Beginning with the line where "Parduodamas namas Strūnaičio" appears, set down each line exactly until the records below end, and omit the pictures.
--- Raw data Enclosed Below ---
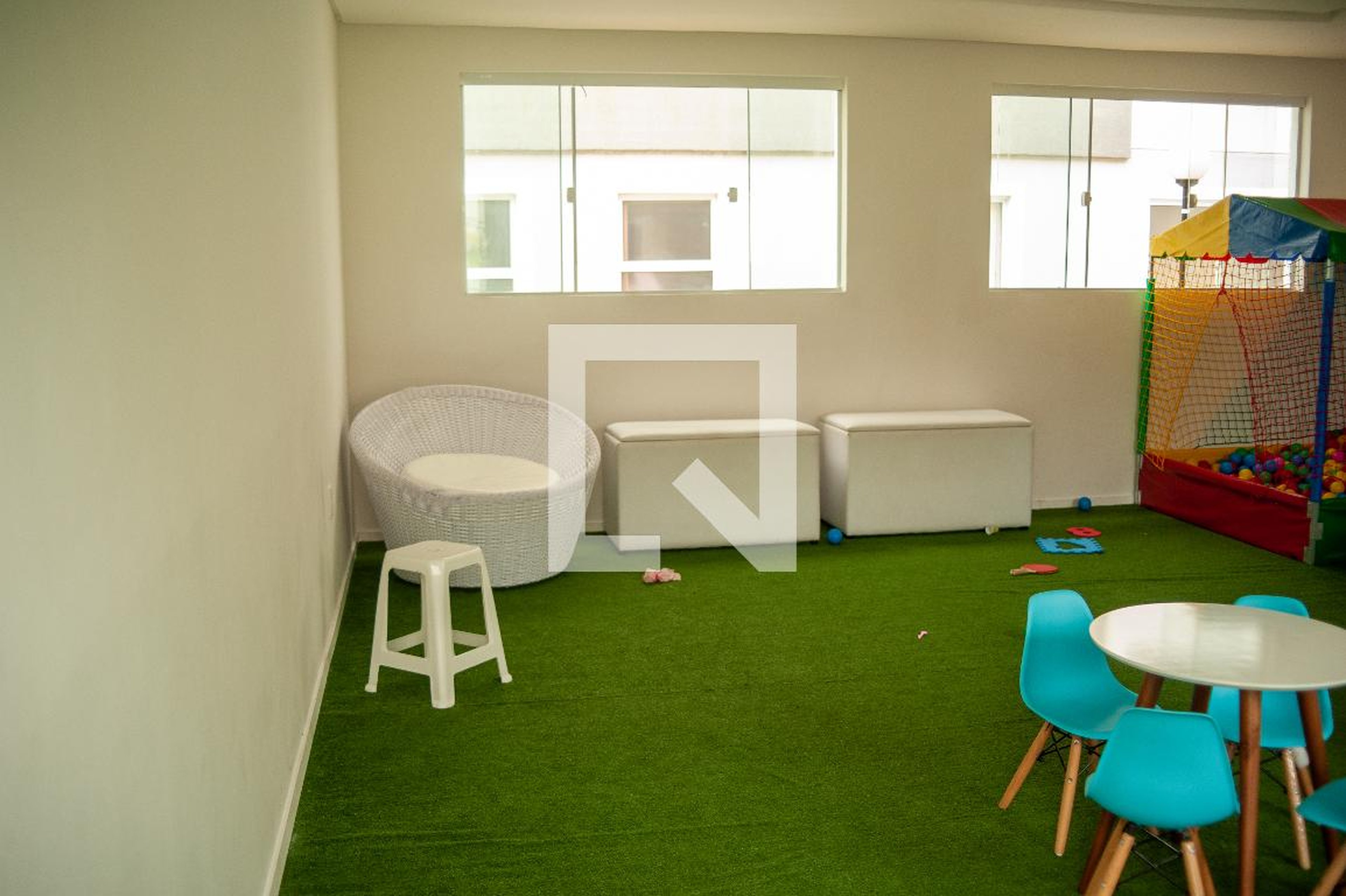 espaço kids - Porto Itapuã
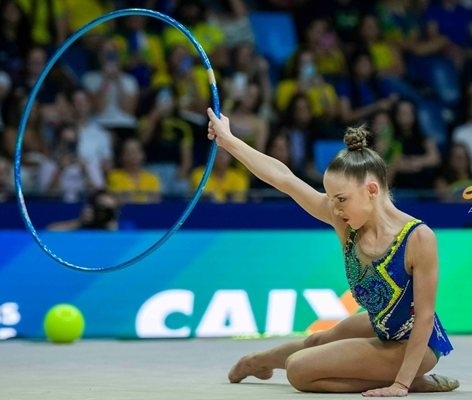 Стилияна Николова с бронз в многобоя и 4 финала в Баку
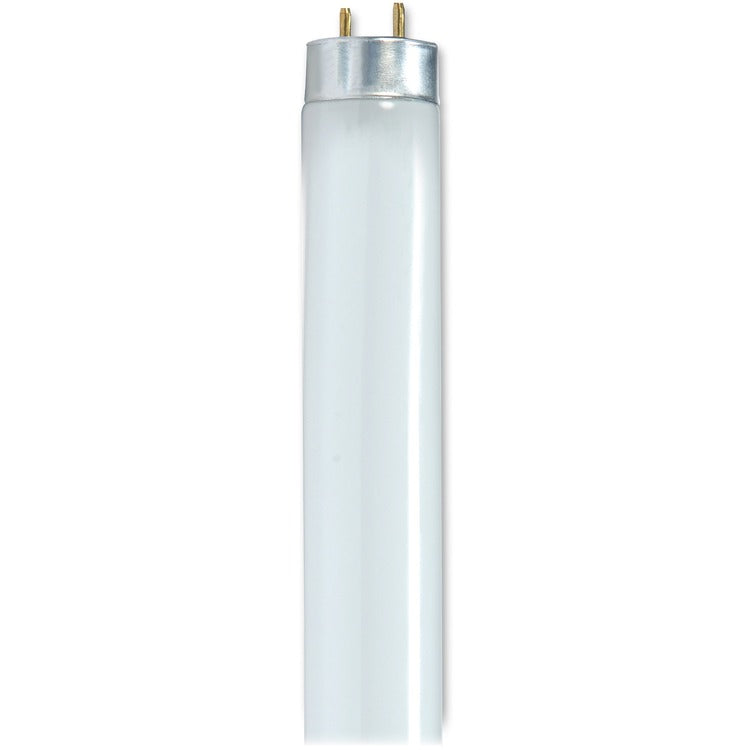 Satco Fluorescent Tube T8, 32W, 3050 Lumens, 6/CT, White (SDNS8449)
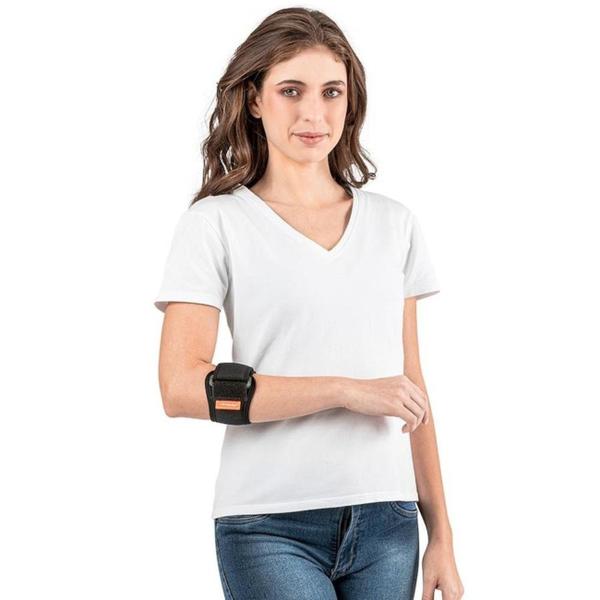 Faixa de Antebraço Ajustável Tenis Elbow - Hidrolight Imagem de Faixa de Antebraço Ajustável Tenis Elbow - Hidrolight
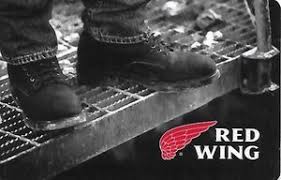 Purchase walmart gift cards, egift cards, restaurant, travel, gaming, and airtime gift cards at there are also gift cards from major credit card companies, which are safer than cash, more flexible you can add to the gift card balance anytime at a walmart store. Gift Card Shoes Red Wing Shoes United States Of America Red Wing Shoes Col Us Redwing 001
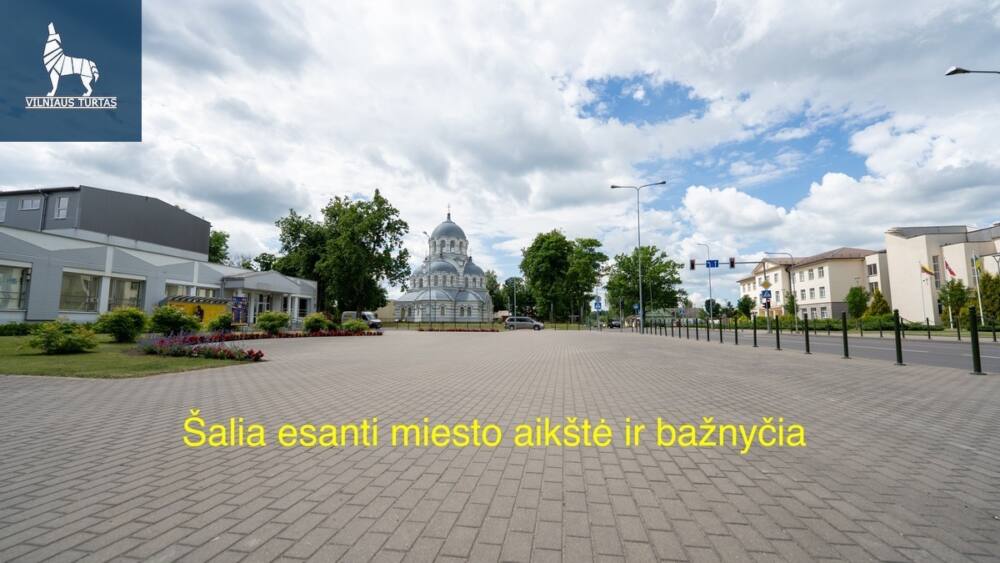 Parduodamas namas Strūnaičio g., Švenčionys, 61.29 kv.m ploto, 1 aukštai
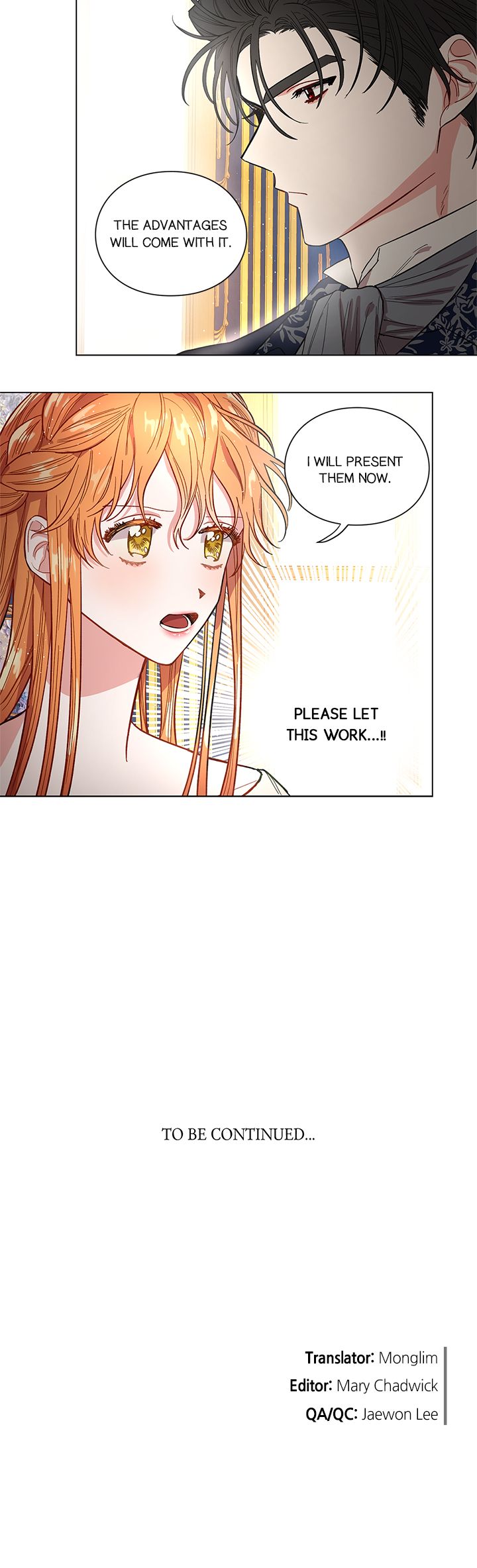 Lucia Chapter 6 page 19 - Chapter 6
--- End of Enclosed Raw data ---
» Task output:
 Parduodamas namas Strūnaičio g., Švenčionys, 61.29 kv.m ploto, 1 aukštai
 Lucia Chapter 6 page 19 - Chapter 6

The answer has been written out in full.